Directions for this task - Down to the final line, print the records below exactly and without pictures.

Supplied data -
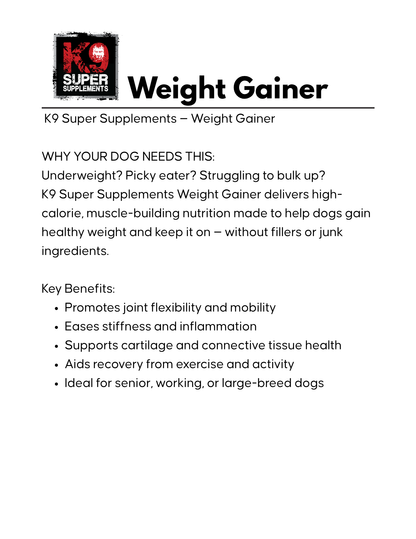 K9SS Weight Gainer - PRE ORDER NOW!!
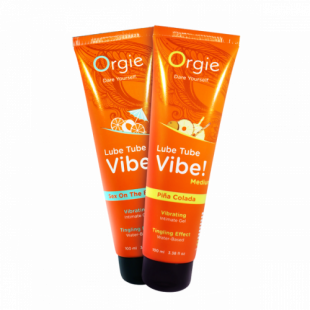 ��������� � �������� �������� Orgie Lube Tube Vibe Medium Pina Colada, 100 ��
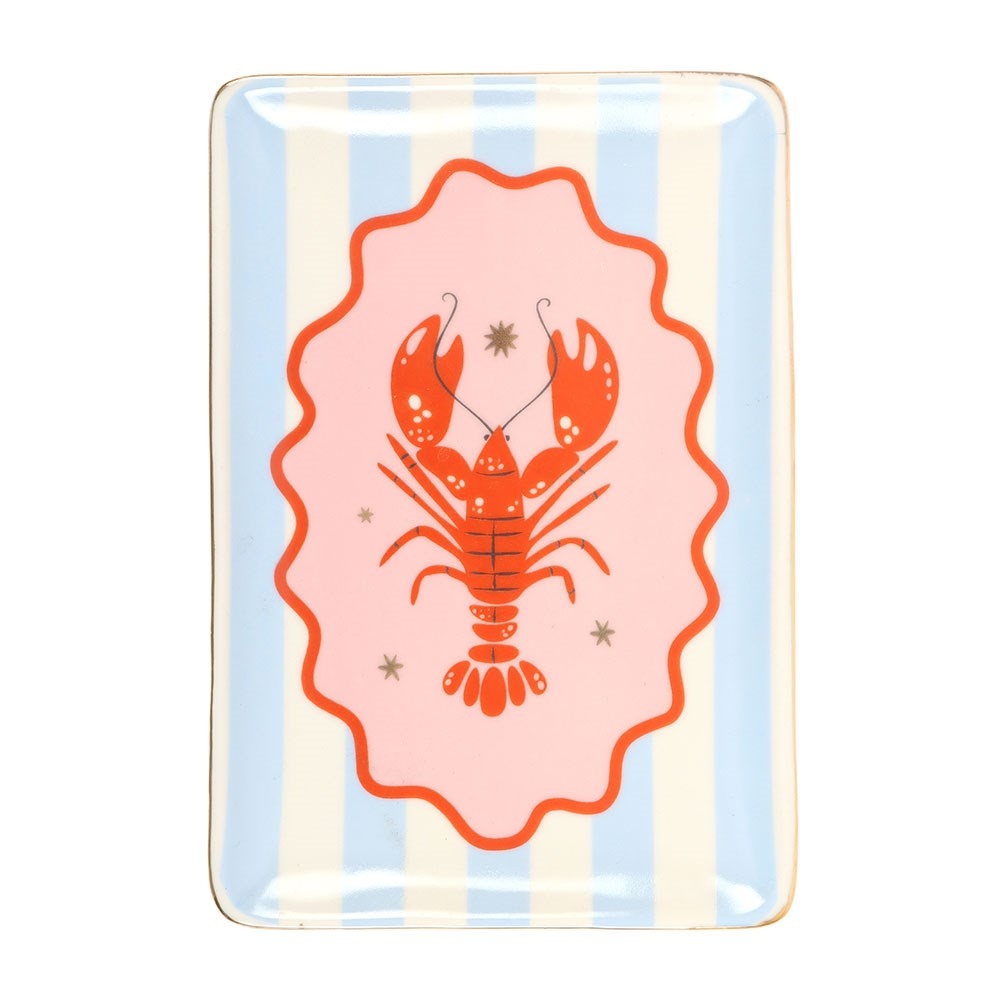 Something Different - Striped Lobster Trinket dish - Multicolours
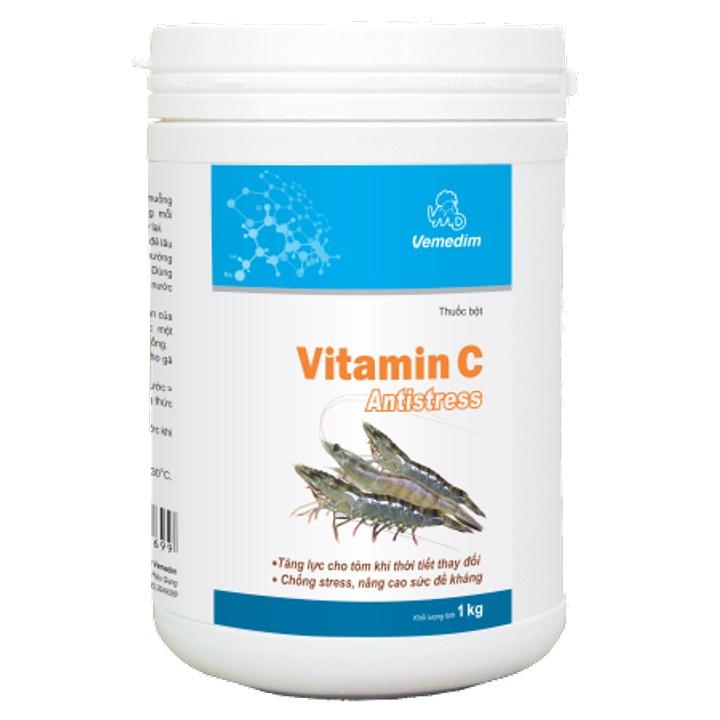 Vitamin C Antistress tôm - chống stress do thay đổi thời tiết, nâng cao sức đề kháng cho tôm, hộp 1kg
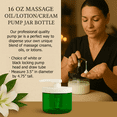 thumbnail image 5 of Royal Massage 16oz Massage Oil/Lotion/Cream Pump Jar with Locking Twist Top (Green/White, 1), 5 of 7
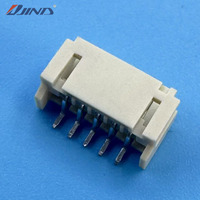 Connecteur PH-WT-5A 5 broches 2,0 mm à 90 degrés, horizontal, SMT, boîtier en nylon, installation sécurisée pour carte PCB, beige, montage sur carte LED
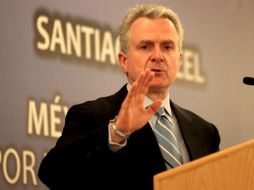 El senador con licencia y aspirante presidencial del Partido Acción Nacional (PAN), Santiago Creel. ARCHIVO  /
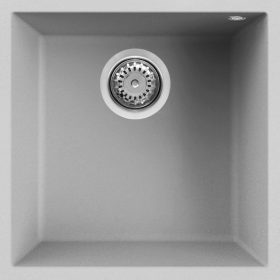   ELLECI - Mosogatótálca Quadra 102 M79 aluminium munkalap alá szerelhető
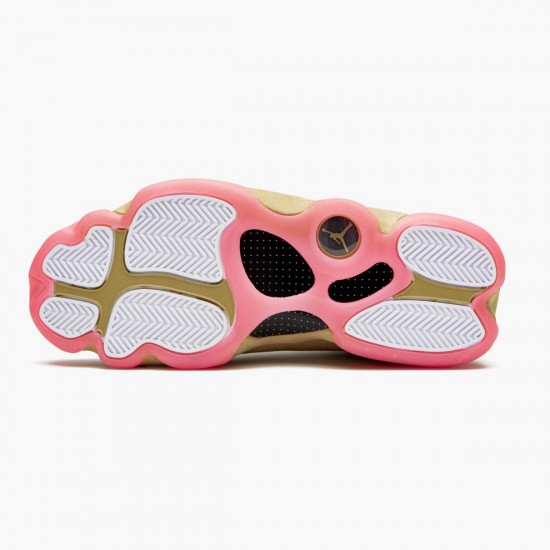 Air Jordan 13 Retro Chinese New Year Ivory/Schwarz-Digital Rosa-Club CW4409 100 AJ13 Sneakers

Output of the exercise -
 K9SS Weight Gainer - PRE ORDER NOW!!
 ��������� � �������� �������� Orgie Lube Tube Vibe Medium Pina Colada, 100 ��
 Something Different - Striped Lobster Trinket dish - Multicolours
 Vitamin C Antistress tôm - chống stress do thay đổi thời tiết, nâng cao sức đề kháng cho tôm, hộp 1kg
 thumbnail image 5 of Royal Massage 16oz Massage Oil/Lotion/Cream Pump Jar with Locking Twist Top (Green/White, 1), 5 of 7
 Connecteur PH-WT-5A 5 broches 2,0 mm à 90 degrés, horizontal, SMT, boîtier en nylon, installation sécurisée pour carte PCB, beige, montage sur carte LED
 El senador con licencia y aspirante presidencial del Partido Acción Nacional (PAN), Santiago Creel. ARCHIVO  /
   ELLECI - Mosogatótálca Quadra 102 M79 aluminium munkalap alá szerelhető
 Air Jordan 13 Retro Chinese New Year Ivory/Schwarz-Digital Rosa-Club CW4409 100 AJ13 Sneakers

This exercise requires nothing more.